Is it worth paying more for your iced coffee?

 

At a shop near our office, there is a really nice stall selling reasonably priced coffee. We are not referring to the Long Black or Latte that many people pick up but rather the traditional Kopi-O and Kopi.

At an affordable $1.20 per cup, it is probably as good a deal as you would realistically find within the CBD area. No surprise, the place is well-frequented by hordes of office workers around the area.

Interestingly, the difference between the price of a cold coffee ($1.80) and a hot coffee ($1.20) is about $0.60, or a cool 50% (no pun intended). We are not sure about you, but we think adding five cubes of ice into our coffee should not cost so much more, even after taking into consideration the cost of having to have ice machine (although canned drinks probably won’t sell as well without one).

So what is the reason for why cold coffee costs more?

Earning A Higher Margin Simply Because You Can

All over Singapore, cold, chilled drinks are always sold at a premium compared to their less cool counterparts. For example, a can of coke could cost $0.80 off the shelves in the supermarket but $1.20 if you take it out from the fridge.

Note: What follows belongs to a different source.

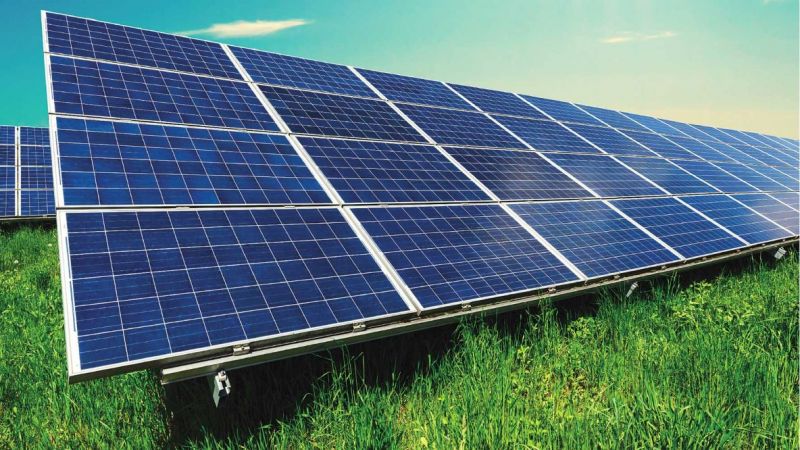 Urfa’da 200 KWE GES kurulumu yaptırılacak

While it costs some money to keep the fridge running, it is also safe to assume that selling chilled/iced drinks at a higher price provides a higher profit margin for the shop owners because the only additional cost is the ice. Selling cold drinks at a higher price is a great way to differentiate between customers who are willing to pay more and those who are not.

The same concept applies for many other products being sold. For example, computer software aimed at professionals are usually sold at a much higher price just for the few additional features compared to one sold toward home users. This is in spite of the fact that both software probably cost almost the same to produce. In some cases, the professional software is even developed first before money is spent “dumbing” it down for home users.

In the case of ice-coffee, simply adding a few cubes of ice to chill the drink and then serving it in a bigger cup gives the illusion that you are paying more for a larger, different drink even when you are not. If you don’t believe us, order a hot drink, and then say you wanted the iced version instead. You’ll see your hot drink fits nicely into the larger cup meant for iced drinks.

Higher Demand For Cold Drinks

With Singapore’s warm temperatures, a cold drink is usually preferred over a hot drink. Because of this, demand for cold drinks is higher and thus, it makes sense from a business owner’s point of view to charge more for it.

Think about it from a different perspective. The time taken to make iced coffee is almost the same as it takes to make a hot coffee. The act of pouring ice into a cup would roughly take about 3 seconds more.

As a business owner, if you know that more people are going to order the cold drink even though both drinks take almost the same time to produce, you would try to charge more for the cold drink to maximise your profits.

This is the same reason why some places charge more for drinks like diet coke compared to regular coke, or why you pay more to upgrade your coke to an ice lemon tea at McDonalds.

More Beans Used For Cold Coffee

There are some cafes (though we are not sure if big chains like Starbucks and Coffee Beans follow this) that will use more coffee beans for a cold drink to compensate for the extra ice put in. Cafés that practice this will incur a higher cost when selling iced coffee.

Others simply put the ice in without changing the way the coffee is made or how much of any ingredient is used. It is also the reason why it is easy to find cafes that serve terrible iced coffee, and why, by and large, you should avoid ordering an iced coffee altogether whenever you go into a café that you are not familiar with.

The baristas and coffee enthusiasts among us will also be familiar with the process of cold brew coffee. Cold brew coffee is produced via a different process that requires more time and beans.

Because it are less acidic, it is more suitable for it to be drunk without any milk or sugar. It goes without saying that cold brew coffee would definitely cost more than your regular hot coffee.

Now that you understand this, we hope you have a deeper appreciation of your coffee and what you are actually paying for.